The scene was set when two actors, who were near mirror images of one another, walked out onto the stage to tell us to turn off our cell phones. These two actors, I would come to learn, were each Botticelli.
When the two Botticellis both walked out onto the stage rocking matching tank tops and each holding a bottle of wine, I can honestly say I had no idea what to expect for this play. I had never seen a production written by Tannahil nor anything directed by Assaf, and for a brief moment, I was extremely worried. All I was thinking was: Oh no, am I going to have to write a bad review for this play?
I am very happy to report that this is not the case.
This play is the queer retelling of the Italian Renaissance that I — and any other person who knows anything about the Renaissance — needed and deserved. The direction of the play took an interesting turn, using a modern setting with phones, cars, television programs, karaoke (on top of the Millennial humour) to reinterpret the events that took place in the 15th century in Italy. Not only does the play completely accept how absolutely sexual the Renaissance was — trust me, I’m a history student so I know this stuff — but it also explores the heartbreaking reality of those who were convicted and persecuted for sodomy.
As for the set itself, I have never seen anything like it. Yes, the stage setting was nothing more than the floor in front of the audience with props being moved in and out of the scene, but the Birth of Venus painting was extraordinary. Instead of having a reproduction of the painting (which is what I, and probably many others, expected), the production used actual actors within a giant frame. The concept of using moveable actors inside the frame added a new depth to the play that was completely unexpected. It allowed for the flexibility for the painting to be morphed and repainted on-stage, without the need for imagination, making the painting its own active participant within the play itself.
Botticelli in the Fire is more than its queerness and joking attitude of this generation.
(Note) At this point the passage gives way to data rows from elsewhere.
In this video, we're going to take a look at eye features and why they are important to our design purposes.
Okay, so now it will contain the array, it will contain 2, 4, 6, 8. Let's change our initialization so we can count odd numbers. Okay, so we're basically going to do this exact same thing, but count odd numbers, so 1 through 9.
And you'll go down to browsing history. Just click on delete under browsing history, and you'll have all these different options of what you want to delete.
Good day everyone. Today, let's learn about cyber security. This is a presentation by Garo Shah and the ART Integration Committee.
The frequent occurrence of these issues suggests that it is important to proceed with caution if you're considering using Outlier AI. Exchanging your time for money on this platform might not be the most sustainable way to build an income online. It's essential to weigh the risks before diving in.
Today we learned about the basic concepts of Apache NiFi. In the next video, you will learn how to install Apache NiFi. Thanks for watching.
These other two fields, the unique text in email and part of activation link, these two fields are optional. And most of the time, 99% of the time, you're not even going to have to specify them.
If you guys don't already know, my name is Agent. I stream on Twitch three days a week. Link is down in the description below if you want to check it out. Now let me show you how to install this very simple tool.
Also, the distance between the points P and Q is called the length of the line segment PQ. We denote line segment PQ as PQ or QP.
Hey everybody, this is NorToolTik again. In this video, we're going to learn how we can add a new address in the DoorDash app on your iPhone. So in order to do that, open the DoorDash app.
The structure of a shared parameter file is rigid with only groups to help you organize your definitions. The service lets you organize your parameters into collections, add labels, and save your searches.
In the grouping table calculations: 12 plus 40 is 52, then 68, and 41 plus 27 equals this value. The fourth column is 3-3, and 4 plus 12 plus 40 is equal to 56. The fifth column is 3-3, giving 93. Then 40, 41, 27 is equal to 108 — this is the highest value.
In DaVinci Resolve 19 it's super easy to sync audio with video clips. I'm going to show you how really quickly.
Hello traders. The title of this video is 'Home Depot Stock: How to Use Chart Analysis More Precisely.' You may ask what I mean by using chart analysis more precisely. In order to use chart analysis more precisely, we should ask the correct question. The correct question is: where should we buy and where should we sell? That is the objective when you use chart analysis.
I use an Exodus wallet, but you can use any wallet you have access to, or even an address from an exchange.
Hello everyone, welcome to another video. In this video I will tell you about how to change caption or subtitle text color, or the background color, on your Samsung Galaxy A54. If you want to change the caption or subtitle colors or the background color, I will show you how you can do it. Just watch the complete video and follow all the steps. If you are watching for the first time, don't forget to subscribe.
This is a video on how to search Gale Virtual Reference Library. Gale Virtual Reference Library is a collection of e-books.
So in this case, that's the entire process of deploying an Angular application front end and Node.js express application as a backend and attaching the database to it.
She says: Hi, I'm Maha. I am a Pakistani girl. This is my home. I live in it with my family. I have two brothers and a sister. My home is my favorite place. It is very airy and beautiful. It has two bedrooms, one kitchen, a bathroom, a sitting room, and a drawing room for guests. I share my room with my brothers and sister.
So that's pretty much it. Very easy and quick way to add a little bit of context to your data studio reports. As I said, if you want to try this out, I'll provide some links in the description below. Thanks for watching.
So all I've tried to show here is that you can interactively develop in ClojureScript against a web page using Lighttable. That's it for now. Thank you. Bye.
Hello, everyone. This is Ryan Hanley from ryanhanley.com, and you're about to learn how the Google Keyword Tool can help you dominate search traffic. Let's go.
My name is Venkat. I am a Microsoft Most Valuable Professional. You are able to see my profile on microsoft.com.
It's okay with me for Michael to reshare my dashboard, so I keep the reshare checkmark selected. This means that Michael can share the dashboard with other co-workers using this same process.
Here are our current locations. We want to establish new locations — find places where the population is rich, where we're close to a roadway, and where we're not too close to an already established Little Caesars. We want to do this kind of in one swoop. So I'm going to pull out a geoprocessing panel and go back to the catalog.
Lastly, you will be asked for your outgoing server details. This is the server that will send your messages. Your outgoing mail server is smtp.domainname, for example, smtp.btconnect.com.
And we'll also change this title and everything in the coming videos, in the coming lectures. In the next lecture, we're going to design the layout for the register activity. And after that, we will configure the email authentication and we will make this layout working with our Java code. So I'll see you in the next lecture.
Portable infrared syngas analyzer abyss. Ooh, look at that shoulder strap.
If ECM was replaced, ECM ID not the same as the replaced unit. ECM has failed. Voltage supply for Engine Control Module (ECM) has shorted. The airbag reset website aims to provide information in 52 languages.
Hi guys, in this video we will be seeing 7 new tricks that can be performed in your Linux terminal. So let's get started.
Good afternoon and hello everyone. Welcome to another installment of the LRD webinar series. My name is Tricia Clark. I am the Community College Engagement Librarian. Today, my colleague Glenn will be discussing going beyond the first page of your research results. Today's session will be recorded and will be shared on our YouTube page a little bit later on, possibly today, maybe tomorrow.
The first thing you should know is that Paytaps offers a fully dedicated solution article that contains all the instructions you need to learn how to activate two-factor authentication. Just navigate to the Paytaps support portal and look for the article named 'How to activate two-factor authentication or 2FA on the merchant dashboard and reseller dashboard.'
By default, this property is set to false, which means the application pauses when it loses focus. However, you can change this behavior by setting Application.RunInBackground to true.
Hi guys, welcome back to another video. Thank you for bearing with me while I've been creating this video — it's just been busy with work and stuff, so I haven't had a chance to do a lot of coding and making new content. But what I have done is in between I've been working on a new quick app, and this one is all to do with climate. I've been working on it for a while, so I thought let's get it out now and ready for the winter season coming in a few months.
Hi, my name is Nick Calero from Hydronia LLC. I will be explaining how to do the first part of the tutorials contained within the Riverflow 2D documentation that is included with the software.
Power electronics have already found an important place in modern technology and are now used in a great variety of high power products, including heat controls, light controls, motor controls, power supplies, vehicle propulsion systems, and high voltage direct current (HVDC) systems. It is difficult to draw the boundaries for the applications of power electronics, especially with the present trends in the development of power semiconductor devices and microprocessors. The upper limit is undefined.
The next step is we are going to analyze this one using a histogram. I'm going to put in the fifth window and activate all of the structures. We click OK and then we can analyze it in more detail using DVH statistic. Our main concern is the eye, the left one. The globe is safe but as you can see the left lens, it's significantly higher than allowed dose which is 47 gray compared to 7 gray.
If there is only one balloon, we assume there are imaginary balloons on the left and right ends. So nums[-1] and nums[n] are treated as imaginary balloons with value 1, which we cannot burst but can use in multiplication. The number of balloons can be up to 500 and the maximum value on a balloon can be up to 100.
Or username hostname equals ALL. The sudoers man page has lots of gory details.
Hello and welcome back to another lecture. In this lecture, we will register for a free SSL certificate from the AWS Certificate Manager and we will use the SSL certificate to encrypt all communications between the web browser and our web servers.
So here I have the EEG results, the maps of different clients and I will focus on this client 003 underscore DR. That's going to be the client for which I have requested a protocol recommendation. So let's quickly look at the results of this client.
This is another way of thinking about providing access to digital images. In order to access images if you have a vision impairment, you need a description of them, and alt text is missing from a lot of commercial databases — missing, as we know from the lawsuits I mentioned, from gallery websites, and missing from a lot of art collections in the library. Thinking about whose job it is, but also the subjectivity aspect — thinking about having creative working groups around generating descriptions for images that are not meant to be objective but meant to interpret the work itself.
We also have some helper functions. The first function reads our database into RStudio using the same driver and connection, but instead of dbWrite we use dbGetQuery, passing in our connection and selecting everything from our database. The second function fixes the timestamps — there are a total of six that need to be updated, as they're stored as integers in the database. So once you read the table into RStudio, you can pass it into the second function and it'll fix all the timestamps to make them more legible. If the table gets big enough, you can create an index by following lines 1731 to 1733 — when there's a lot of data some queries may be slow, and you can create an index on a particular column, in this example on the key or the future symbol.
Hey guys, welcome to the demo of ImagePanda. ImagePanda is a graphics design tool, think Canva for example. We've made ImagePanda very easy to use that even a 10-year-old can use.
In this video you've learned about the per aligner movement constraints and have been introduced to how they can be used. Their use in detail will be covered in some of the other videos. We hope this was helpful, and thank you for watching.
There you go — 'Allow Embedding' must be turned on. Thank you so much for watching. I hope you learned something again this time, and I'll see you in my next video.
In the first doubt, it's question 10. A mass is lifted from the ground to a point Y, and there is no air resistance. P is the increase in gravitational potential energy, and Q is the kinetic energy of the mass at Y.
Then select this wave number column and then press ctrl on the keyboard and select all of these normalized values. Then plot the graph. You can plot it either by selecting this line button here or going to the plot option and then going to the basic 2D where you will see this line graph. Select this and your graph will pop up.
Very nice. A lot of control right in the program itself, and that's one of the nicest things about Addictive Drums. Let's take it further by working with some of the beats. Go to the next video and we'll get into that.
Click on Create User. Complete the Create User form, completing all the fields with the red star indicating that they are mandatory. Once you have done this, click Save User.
This play is about acceptance, grief, fear, and love. Although the play cannot be described as “historically accurate,” the play is able to do what many historians still struggle to do when studying gay history: the play gave a face and personality, not only to Botticelli and Leonardo De Vinci, but through them the other artists that were tortured and persecuted during this time — all while appealing to a greater audience than historians can imagine.
Now excuse me while I go and look up fanfiction for Botticelli and De Vinci.